I teach an undergraduate course in consumer behaviour to 150 students. Last year I directed all questions regarding the exam to the Blackboard website, thinking that students would get more timely feedback during their revision. I allowed anonymous posting and received more than 100 responses. Most of these were good questions regarding the syllabus, which I happily addressed. Unfortunately, some were direct attacks on my refusal to give guidance on the actual topics that the exam paper would cover (an action that would contravene university policy). So our school banned anonymous posting.
This year I created the Blackboard support site minus anonymous postings. I received one posting. This hasn't resulted in a rush to my regular office sessions.

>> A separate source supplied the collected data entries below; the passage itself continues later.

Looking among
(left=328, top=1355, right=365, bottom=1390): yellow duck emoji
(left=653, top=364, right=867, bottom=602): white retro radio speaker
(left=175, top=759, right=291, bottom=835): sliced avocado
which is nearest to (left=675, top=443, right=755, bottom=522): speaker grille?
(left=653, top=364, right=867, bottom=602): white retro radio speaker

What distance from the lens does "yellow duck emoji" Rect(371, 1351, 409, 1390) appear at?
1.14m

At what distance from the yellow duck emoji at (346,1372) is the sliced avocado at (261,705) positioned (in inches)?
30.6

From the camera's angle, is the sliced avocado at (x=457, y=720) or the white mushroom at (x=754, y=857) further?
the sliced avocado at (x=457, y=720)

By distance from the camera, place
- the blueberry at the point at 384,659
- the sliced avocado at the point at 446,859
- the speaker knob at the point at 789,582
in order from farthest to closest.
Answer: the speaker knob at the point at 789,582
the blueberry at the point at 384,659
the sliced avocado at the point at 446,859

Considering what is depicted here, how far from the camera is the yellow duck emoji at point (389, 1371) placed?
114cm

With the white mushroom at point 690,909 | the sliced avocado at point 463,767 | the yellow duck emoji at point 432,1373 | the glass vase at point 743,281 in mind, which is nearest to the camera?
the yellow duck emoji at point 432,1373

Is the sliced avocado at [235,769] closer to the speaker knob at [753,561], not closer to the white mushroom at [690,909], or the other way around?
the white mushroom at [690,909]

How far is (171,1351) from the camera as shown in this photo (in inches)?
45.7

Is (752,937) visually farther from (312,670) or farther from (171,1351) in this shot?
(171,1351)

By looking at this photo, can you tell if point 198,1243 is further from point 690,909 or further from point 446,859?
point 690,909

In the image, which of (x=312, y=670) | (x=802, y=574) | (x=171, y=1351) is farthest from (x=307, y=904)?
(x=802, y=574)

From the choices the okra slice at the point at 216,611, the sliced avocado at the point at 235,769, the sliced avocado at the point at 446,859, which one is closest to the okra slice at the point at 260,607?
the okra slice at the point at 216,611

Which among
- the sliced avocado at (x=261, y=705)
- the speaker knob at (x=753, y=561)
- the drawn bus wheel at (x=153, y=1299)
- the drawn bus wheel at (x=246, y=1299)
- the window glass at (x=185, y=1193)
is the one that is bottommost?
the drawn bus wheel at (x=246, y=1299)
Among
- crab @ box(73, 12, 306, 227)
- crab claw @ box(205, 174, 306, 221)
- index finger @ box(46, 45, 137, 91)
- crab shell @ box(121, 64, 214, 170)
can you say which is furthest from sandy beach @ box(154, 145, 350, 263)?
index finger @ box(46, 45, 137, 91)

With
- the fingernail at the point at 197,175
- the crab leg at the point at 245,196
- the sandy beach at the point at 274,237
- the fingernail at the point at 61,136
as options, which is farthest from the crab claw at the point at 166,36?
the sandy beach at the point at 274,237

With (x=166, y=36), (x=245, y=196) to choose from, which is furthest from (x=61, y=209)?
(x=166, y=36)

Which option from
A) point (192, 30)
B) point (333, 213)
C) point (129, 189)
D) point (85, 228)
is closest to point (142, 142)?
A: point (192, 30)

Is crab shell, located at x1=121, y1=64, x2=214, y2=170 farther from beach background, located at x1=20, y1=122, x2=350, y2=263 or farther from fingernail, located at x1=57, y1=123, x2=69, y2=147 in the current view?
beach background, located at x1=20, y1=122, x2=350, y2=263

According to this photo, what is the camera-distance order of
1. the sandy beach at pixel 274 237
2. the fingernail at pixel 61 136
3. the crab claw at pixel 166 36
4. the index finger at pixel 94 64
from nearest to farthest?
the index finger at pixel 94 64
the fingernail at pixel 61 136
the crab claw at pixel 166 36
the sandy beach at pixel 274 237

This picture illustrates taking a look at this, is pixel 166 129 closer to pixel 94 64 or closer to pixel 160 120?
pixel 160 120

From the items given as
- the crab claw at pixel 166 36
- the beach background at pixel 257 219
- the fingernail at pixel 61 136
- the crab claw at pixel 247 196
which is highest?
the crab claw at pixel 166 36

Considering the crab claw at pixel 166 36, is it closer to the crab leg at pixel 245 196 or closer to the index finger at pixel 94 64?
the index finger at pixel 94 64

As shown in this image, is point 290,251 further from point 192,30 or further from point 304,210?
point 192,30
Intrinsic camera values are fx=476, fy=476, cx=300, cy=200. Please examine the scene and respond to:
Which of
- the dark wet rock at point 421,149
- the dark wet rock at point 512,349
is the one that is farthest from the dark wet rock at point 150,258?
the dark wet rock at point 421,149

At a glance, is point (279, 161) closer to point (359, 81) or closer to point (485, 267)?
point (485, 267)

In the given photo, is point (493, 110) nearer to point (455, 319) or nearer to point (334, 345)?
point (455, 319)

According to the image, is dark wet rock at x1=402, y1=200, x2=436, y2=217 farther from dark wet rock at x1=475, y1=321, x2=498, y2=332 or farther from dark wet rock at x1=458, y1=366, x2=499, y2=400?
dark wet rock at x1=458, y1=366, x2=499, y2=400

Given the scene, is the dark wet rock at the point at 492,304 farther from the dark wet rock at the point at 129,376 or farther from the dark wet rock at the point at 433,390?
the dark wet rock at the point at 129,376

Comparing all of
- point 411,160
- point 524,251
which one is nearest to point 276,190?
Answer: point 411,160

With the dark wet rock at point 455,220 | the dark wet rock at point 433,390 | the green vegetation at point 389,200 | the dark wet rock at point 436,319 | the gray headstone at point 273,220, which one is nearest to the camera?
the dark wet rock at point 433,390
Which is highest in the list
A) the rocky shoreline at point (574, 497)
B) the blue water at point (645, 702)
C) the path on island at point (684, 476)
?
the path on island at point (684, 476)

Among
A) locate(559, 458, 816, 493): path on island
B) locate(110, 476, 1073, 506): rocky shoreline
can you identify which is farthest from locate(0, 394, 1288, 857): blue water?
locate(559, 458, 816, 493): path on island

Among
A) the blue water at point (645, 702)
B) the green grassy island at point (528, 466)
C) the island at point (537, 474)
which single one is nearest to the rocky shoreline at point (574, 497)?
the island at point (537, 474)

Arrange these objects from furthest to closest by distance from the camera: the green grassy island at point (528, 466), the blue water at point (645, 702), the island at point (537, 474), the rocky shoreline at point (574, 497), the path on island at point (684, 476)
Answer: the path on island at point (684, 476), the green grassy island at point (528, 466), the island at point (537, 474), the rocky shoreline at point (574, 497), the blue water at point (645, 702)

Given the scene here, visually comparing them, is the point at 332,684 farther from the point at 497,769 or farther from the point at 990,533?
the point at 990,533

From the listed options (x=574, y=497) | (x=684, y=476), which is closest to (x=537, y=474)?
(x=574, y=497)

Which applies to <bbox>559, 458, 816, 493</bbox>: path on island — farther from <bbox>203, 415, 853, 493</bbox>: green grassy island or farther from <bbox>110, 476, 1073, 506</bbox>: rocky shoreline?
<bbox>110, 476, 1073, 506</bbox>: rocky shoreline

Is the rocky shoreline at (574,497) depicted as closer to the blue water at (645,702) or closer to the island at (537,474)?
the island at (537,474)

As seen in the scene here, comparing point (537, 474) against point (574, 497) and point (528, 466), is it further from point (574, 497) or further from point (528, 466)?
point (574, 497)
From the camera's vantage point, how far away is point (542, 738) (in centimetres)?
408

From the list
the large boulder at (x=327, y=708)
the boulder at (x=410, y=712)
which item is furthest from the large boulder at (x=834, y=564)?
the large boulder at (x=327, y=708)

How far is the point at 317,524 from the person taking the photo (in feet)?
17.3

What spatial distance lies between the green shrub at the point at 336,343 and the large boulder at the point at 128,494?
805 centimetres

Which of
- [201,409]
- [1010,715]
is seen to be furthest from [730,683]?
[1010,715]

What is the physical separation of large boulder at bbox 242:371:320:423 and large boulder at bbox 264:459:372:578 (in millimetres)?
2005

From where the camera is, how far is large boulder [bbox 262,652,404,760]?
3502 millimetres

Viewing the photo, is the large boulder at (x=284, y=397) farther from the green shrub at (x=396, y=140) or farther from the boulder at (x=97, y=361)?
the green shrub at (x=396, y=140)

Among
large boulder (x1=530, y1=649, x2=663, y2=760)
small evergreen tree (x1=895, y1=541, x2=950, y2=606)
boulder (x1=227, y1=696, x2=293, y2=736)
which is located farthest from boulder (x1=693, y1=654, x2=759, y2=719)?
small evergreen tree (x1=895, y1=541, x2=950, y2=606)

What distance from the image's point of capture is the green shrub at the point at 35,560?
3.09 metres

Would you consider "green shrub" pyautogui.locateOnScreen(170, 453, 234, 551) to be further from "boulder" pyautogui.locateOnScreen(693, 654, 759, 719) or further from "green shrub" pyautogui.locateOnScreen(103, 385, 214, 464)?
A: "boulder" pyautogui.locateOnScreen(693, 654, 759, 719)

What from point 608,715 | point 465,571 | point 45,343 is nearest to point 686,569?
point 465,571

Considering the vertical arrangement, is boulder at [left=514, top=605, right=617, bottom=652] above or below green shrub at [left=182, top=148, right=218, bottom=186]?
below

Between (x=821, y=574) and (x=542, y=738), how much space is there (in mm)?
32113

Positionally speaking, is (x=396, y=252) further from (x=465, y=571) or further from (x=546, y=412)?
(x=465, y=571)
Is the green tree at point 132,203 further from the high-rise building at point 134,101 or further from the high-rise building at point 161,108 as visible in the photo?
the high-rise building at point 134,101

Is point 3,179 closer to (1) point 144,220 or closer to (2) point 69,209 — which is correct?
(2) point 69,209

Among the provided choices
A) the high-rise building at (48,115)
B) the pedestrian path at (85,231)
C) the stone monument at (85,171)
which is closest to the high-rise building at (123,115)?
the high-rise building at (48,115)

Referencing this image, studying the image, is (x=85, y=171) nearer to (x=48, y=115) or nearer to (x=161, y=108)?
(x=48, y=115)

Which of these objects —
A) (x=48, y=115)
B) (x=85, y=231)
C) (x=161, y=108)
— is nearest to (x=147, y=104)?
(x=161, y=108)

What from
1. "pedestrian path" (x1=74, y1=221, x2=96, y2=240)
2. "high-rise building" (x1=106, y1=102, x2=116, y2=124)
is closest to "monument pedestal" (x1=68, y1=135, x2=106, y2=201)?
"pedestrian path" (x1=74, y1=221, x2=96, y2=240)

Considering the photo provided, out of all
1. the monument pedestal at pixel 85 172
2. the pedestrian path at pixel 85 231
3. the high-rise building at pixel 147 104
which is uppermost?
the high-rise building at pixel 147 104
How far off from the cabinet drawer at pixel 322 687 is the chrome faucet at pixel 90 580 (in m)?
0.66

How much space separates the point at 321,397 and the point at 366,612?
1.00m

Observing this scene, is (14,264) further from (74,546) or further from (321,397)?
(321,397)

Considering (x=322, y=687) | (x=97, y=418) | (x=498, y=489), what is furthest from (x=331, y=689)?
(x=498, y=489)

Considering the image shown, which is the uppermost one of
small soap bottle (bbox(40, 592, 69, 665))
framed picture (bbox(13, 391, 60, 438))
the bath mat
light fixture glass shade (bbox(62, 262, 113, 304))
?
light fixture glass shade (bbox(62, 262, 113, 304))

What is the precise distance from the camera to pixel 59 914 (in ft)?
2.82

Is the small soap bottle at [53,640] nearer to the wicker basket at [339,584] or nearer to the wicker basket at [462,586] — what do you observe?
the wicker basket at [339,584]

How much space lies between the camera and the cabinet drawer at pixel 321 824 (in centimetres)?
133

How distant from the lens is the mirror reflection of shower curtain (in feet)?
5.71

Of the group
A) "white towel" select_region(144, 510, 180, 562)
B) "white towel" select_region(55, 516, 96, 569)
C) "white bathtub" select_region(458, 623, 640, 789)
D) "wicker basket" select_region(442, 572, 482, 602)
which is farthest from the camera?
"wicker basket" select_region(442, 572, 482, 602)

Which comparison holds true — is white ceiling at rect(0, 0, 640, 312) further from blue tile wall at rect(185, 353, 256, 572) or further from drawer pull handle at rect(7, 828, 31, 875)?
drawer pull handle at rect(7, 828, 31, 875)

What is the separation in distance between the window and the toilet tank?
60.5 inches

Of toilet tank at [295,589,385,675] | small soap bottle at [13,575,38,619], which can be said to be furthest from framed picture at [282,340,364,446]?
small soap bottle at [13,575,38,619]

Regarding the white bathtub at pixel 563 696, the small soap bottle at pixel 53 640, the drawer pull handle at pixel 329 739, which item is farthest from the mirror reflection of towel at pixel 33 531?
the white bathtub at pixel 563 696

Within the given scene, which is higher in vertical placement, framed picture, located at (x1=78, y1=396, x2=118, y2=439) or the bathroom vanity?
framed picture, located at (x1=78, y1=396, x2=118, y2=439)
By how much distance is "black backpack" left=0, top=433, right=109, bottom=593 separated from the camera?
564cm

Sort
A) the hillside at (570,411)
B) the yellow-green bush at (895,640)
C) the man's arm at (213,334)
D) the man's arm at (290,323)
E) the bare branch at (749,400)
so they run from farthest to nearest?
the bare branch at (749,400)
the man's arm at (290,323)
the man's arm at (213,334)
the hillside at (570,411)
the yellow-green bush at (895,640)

They have, as usual, remained quiet affairs.
As my university prepares to introduce anonymous coursework marking next year, I cannot help wonder what next - the requirement to wear balaclavas in seminars? A fear of persecution has undermined the lecturer/student relationship, but why? Could it be that teaching for exams and the development of bite-sized syllabuses has created a student body that is information-rich but learning-poor? If I am seen as no more than an information provider and retention assessor by students, it is no wonder that they do not want me to know who they are.
I and my fellow colleagues are where we are because we value learning. We learnt to value learning by trusting those who guided us not because we were "customers" who were "purchasing" a "product" but because we knew that somehow the experience of learning transformed us. We were students. In this new age of anonymity, I miss students.
Linda D. Peters, Norwich Business School, University of East Anglia.